One-Hot Encoding for Text
One slot per word
One-hot encoding gives every word in the vocabulary its own position in a long vector. A word is represented by a 1 in its slot and 0 everywhere else.
If the vocabulary has 10,000 words, every word is a 10,000-long vector with a single 1. Simple, unambiguous — and, as we'll see, deeply wasteful.
See it, and see its flaw
Words become one-hot vectors, a document stacks them up (very sparse), and then the killer limitation: every word is equally far from every other.
The limitations
Vectors as long as the vocabulary (tens of thousands), almost entirely zeros. Wasteful in memory and compute.
"cat" and "dog" are exactly as different as "cat" and "democracy". The encoding knows nothing about meaning.
Position in the vector is just an index — it carries no relationship between words.
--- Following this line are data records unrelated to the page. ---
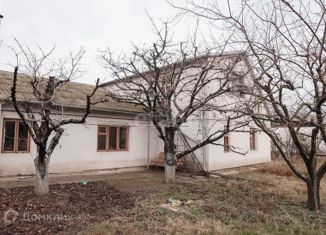 Продаю дом, 150 м2, посёлок городского типа Гвардейское, улица Бирюкова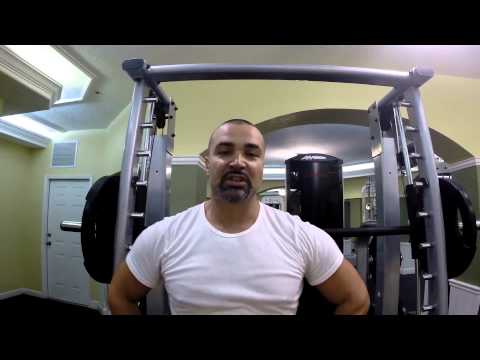 Видео: ОШИБКИ в ТРЕНИРОВКАХ! опасные упражнения! ВАЖНО! бодибилдинг!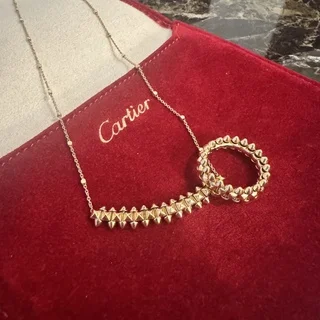 一生物ジュエリーに“クラッシュ ドゥ カルティエ”を選ぶ理由｜大人の女性が惹かれるエッジィな名品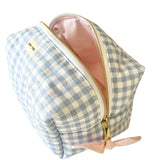 Wren Gingham Quilted Carry-All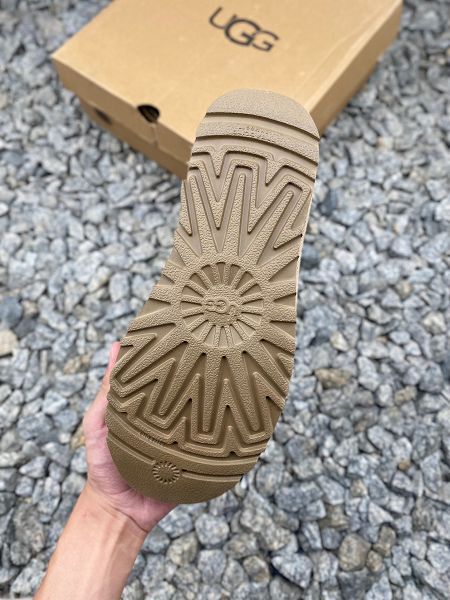 UGG 系列 2023全新女款灰色防滑雪地靴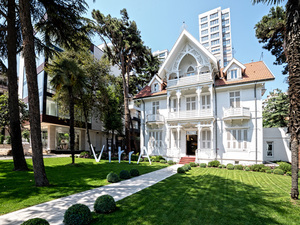 VitrASuadiye1.jpg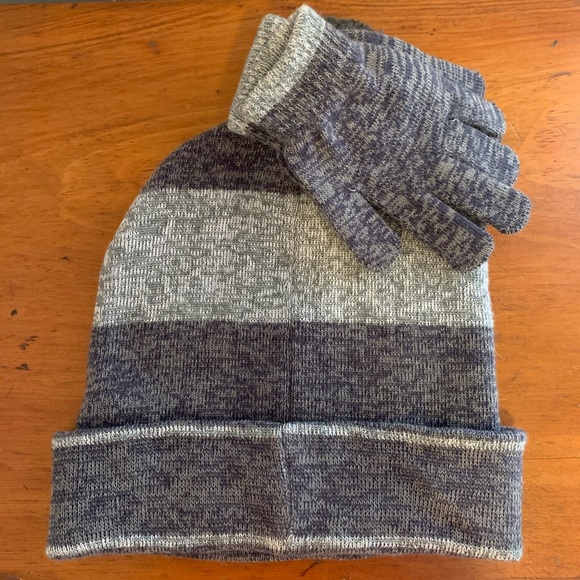 Kids knit hat & glove set with knit “Chow Down” - Picture 3 of 8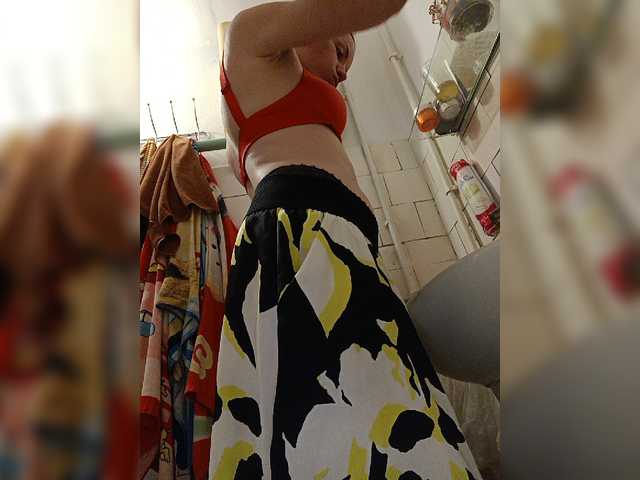 Live sex webcam photo for Alenushka888 #278211354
A word not in the vocabulary has no slot at all.
So why learn it?
One-hot is the conceptual foundation everything else builds on. Bag of Words is essentially summing one-hots into counts; word embeddings were invented precisely to fix the "no similarity" flaw by giving words dense vectors where related words sit close together.
Embeddings replace a 10,000-long sparse one-hot with, say, a 300-long dense vector — small, and arranged so that meaning lives in geometry.